►
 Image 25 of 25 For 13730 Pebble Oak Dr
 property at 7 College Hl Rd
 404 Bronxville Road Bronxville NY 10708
◄
What you have to do: Would you restate the whole listing word for word?

Response:
 Image 25 of 25 For 13730 Pebble Oak Dr
 property at 7 College Hl Rd
 404 Bronxville Road Bronxville NY 10708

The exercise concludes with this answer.